Making America Great for Manufacturing: NAM Wraps First Part of Tour
The first leg of the NAM’s 2025 Competing to Win Tour ended last Friday in Miami, capping off four days of visits, speeches and roundtables at manufacturing facilities, schools and legislative houses across Ohio, Alabama, Texas and Florida.
Tour theme: The major theme of the four-states-in-four-days flurry: the need for a comprehensive, coordinated federal manufacturing strategy with strong, commonsense tax, regulation, energy and permitting, workforce and trade policies.
Port stop: On Friday, the tour—which began Feb. 18 in Ohio with the NAM’s annual NAM’s annual State of Manufacturing Address, delivered by NAM President and CEO Jay Timmons—visited PortMiami, a critical U.S. trade hub. The NAM contingent was led by Johnson & Johnson Executive Vice President and Chief Technical Operations & Risk Officer and NAM Board Chair Kathy Wengel.
- Almost half of PortMiami’s traffic is exports. The waterway connects manufacturers in the U.S. to more than 140 nations, and its top destinations for U.S. exports are Honduras, Peru, the Dominican Republic, Colombia and Panama.
- The NAM team’s tour of the bustling port—which employs more than 29,000 people, supports more than 340,000 other jobs and in 2023 accounted for 3.9% of Florida’s gross domestic product—highlighted how access to global markets fuels U.S. job creation and economic growth.
Talent and AI: The NAM also visited Miami Dade College in Miami on Friday, where it saw future workforce members studying the next manufacturing frontier: artificial intelligence.
- Through its AI Center and Business Innovation & Technology Center, Miami Dade College is preparing the labor force for the future.
- The school, which has more than 125,000 enrolled students representing 166 nations, is giving students the skills they need to lead in an AI-powered world.
- Another plus: some 98% of the school’s students graduate with no debt.

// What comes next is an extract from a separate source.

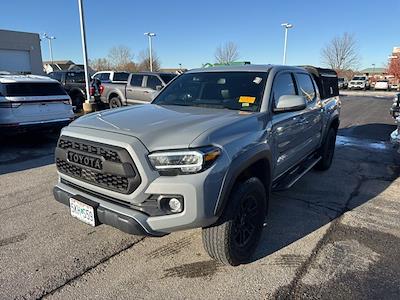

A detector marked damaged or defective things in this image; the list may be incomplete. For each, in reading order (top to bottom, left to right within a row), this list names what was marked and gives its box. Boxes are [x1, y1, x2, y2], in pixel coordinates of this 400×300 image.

pavement crack [37, 237, 146, 300]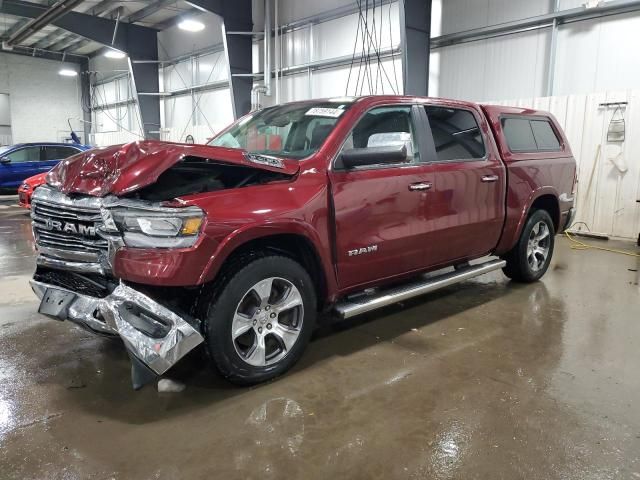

Skills to thrive: “A recent NAM AI report confirms that AI will change jobs more than it will replace them,” Timmons and Associated Industries of Florida President and CEO Brewster Bevis wrote in a Feb. 21 op-ed for Florida Politics.
- “One-third of manufacturers expect to hire more workers because of AI, not fewer. … Miami Dade College is helping to lead the way with one of the nation’s pioneering AI education programs—training students for high-paying, high-tech manufacturing jobs of the future.”
A comprehensive strategy: At every stop on the four-day leg of the tour, Timmons emphasized that the choices Congress makes now will affect the future of manufacturing throughout the U.S. The most critical of these choices concern the following:
- Preserving tax reforms: The 2017 tax reforms were “rocket fuel” for the manufacturing sector and expiring and expired provisions must be preserved and made permanent.
- Regulatory certainty: To invest and hire for the future, manufacturers need regulatory certainty, and that means removing duplicative, often contradictory rules and costly, needless compliance burdens.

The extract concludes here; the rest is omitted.